Suppose that $Z((\pi_\varphi(A))'')$ is not a factor. There exists a nontrivial projection in $Z((\pi_\varphi(A))'')$ since $\mathbb{C}I$ is proper to $Z((\pi_\varphi(A))'')$ and using the fact the double commutant of projections in $Z(M)$ equals $Z(M)$. I am having trouble constructing tracial state to contradict the uniqueness. I know if I find a cyclic vector $\xi$ (maybe the trivial i.e. $1 + N_\varphi$), then I can construct at least a state $$\phi(a) = \langle \pi_\varphi(a)\xi, \xi \rangle$$ then $\phi$ is a state and maybe I can just it is tracial.

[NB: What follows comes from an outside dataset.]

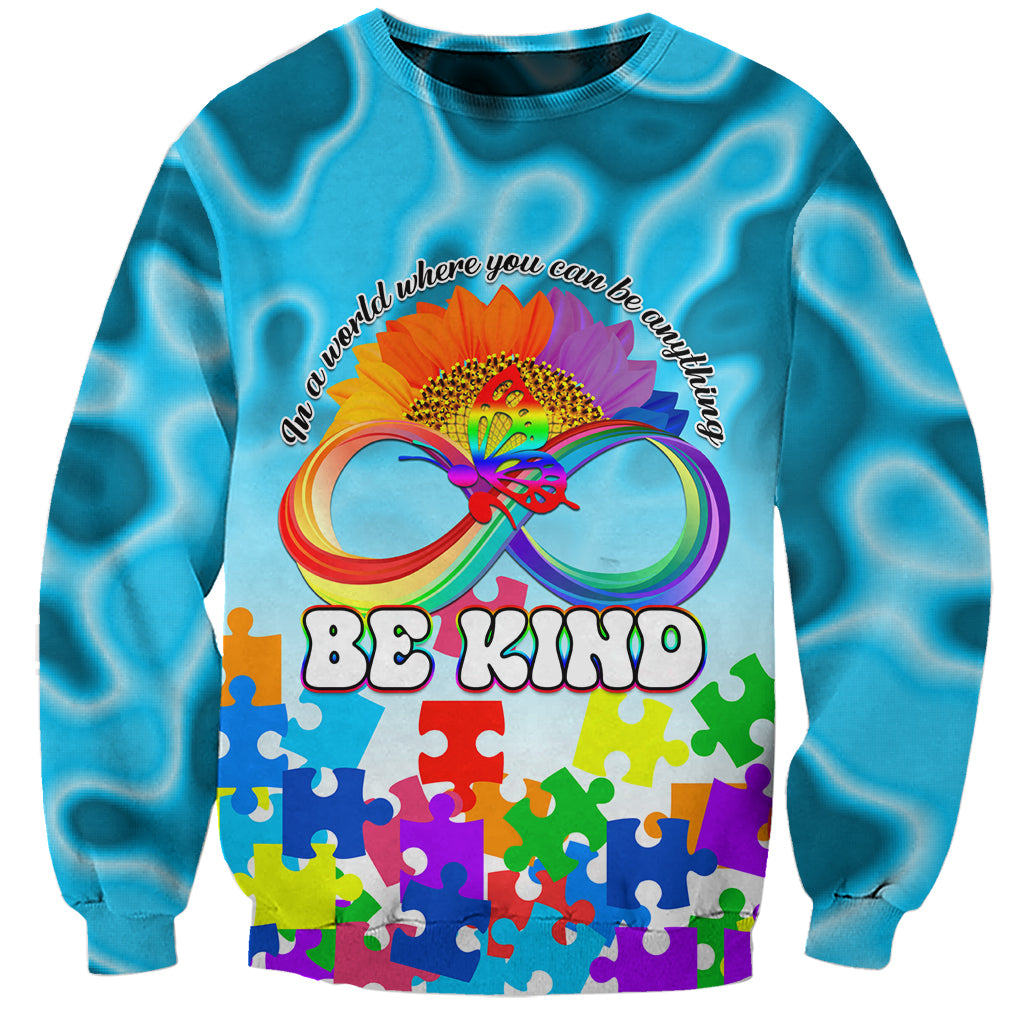 Unisex blue sweatshirt with colorful butterfly jigsaw graphic and 'BE KIND' text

Let $P\in Z(\pi_\varphi(A)'')$ be a non-trivial projection. Write $\tilde\varphi(X)=\langle X\xi_\varphi,\xi_\varphi\rangle$ the normal tracial state induced by $\varphi$. We have $\tilde\varphi(P)>0$. Choose $s\in(0,1)$ with $s\ne \tilde\varphi(P) $ and define a state $\psi$ on $A$ by $$ \psi(a)=\frac s {\tilde\varphi(P)}\,\tilde\varphi(P \pi_\varphi(a)) +\frac {(1-s)} {\tilde\varphi(I-P)}\,\tilde\varphi((I -P) \pi_\varphi(a)). $$ Because $\tilde\varphi$ is a trace and $P$ is central, $\psi$ is a trace. Suppose that $\psi=\varphi$. Let $\{a_n\}$ be a sequence such that $\pi_\varphi(a_n)\to P$. Then $$ \tilde\varphi(P)=\lim_n\varphi(a_n)=\lim_n\psi(a_n)=s, $$ a contradiction. So $\psi$ would be a different tracial state on $A$. The uniqueness thus implies that $Z(\pi_\varphi(A)'')$ is trivial.